An important part of my role involves uncovering and exploring the potential and creativity of my team. This typically involves understanding what is motivating and what is not, what’s helping or hindering and ensuring we have a strong shared sense of purpose and direction.
Our annual internal survey is just one valuable tool I use. Every year, we ask our people for their views on where we’re heading, how we’re doing and how to best support both them and our clients better. This is not just a box ticking exercise.
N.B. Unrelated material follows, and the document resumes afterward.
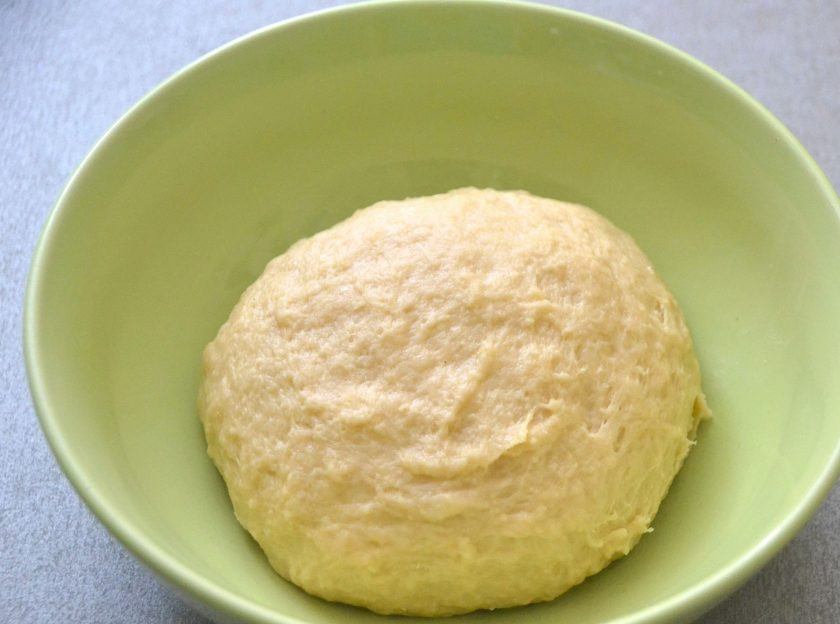 1. Этап. Горчичные сухарики: Замесите тесто и поставьте в теплое место на полтора-два часа на расстойку, в процессе расстойки сделайте одну-две обминки.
We give everyone the space to share what they think and how they feel to the extent they wish to.
Questions revolve around three pillars: great work (relating to how we’re feeling about the quality of our output), healthy growth (relating to how positive and rewarding people find the work they do and how it’s helping us and our clients to grow) and, finally, how much we’re enjoying the ride – which, for some, is about personal development and for others may be about the things they want to work on.
More importantly, I spend personal time with our people around the world to understand what’s uppermost in their minds. Listening in these ways is critical to understanding how best to inspire and support our people to do their best and most rewarding work.
Being present
This means focusing on what’s being said without distractions. Putting aside your phone and moving away from other screens and, if there’s an opportunity, choosing an environment for the discussion – where you know you won’t be distracted and that feels good to be in. It also means being prepared to put your own agenda, biases and current distractions to one side and fully commit to what’s in front of you and what you’re hearing.
Embrace silence
Asking questions when listening, especially open-ended questions, allows others to elaborate and demonstrates that you are with them. Leave room for – and embrace, rather than be afraid of – silence. It’s often the secret to unlocking understanding.
Resisting the urge to fill an awkward pause is a technique often used by journalists in the knowledge that it is in gaps in a conversation that the most valuable information is often shared.
Your silence is useful for other reasons too.
It can show respect – conveying your willingness to wait for someone to tell you something in their own way. It frees you up to pay attention to body language, hesitations and other non-verbal cues and it allows you to discern what’s not being said that may be important.
All business leaders should take time to consider how it feels to be fully listened to. It’s a powerful experience. And an important lesson – in both business and in life.
Sairah Ashman is global CEO of brand consultancy Wolff Olins.